We have moved from one classic tale to another. Earlier it was “A Tale of Two Cities,” in which The Union lamented that Nevada City was not willing to grow like Grass Valley.

Now we have moved on to “Les Miserables” in which the relentless inspector Javert unmercifully pursues Jean Valjean for stealing a loaf of bread. Casting in these respective parts are Jeff Ackerman and Bruce Conklin

But there is a flaw in this latter metaphorical tale. To be true to form, Jean Valjean would have only given the appearance of stealing the loaf of bread.

This conflict between The Union and Bruce Conklin is all about appearances – the appearance of a conflict of interest.

And that boils down to intent. What were Bruce’s intentions in the dealings with the North Star House? Was it his intention to set himself up to profit from the Dryden Wilson fund?

The accusation raised by Mr. Ackerman that “Conklin traded integrity for money” has itself raised an issue of intent. Did he trade journalistic integrity to engineer a Board of Supervisors more to his political liking?

So which is it? One can never know. No man can look into the heart of another. But we can do what every jury does in such circumstances and that is to look at the circumstantial evidence.

Going back to a time shortly after Olivia Diaz – a Latino – announced her candidacy for supervisor, Mr. Ackerman revealed that the source of Nevada County’s land-use problems was illegal aliens coming across the Mexican border and that “developers do not cause Urban Sprawl, they try to accommodate it by working through myriad land-use rules and regulations to provide housing for the inevitable Urban Sprawlers, such as Olivia.”
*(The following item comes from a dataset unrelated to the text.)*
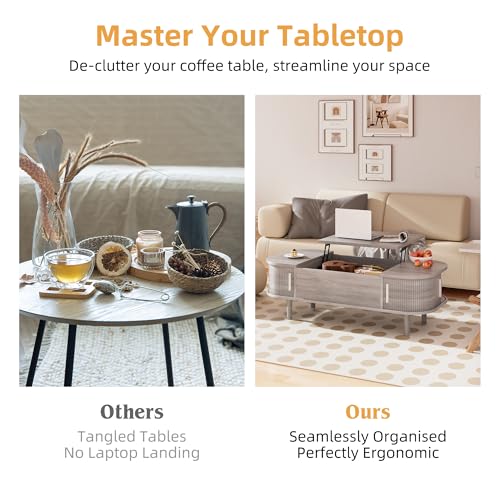 Table basse relevable ovale avec rangement PURFINO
From this and many other instances relating to growth, one might conclude that Mr. Ackerman has brought to Nevada County a bias in support of developers, those who only struggle to “accommodate” needs brought on by forces outside their control.

The circumstantial evidence supports the notion that Mr. Ackerman might not only resent the candidacy of Olivia but Bruce’s candidacy as well; Bruce’s campaign theme was that we must only accept growth that respects our past.

Next, what is the circumstantial evidence supporting the view that it was not self-interest but community interest that inspired Bruce? Those who have followed his career as supervisor recall that he has displayed a long-standing interest of supporting Nevada County’s historic traditions. He has worked to help the St. Joseph Cultural Center to survive, helped to put a roof on the Miners Foundry, helped to preserve the horse ranch at Loma Rica, etc.

The circumstantial evidence suggests that Bruce saw the restoration of the North Star House as an issue in harmony with his fundamental values. For this reason he secured the funds from the Dryden Wilson Grant, and, when he left office, finding himself unemployed and attracted to a job which would allow him to fulfill his natural affection for historic buildings, applied for the job to manage the restoration.

The Nevada County Land Trust testified to the propriety of the selection process. I know many of the board members and I trust them.

But this is all circumstantial. We all have certain biases that we bring to bear in judging motives. In the words of Blaise Pascal, “The heart has its reasons, which reason does not know,” or, expressed more colloquially by our publisher, some have “their bumper stickers stuck so far up their noses that they can’t smell the stink.”

But there is a larger issue here that goes beyond personal judgment, and that is the responsibility of the journalist. The Land Trust held a press conference, fearing that their side of the story wasn’t being told. At this conference the question was asked whether anyone on the Land Trust board had been contacted by the authors of the editorials before publication. The answer was, “No.” Mr. Ackerman has given the appearance of trading journalistic integrity to promote an agenda.

These will be difficult times for our community. The Union, our principal means of communication, has helped to engineer a 5-0 Board of Supervisors, no longer respects traditional journalistic standards, and is on the slippery slope of suppressing dissent – it has revoked the venerable tradition of publishing on this page all qualifying letters. Not our finest hour.


Jim Hurley is a resident of Nevada City.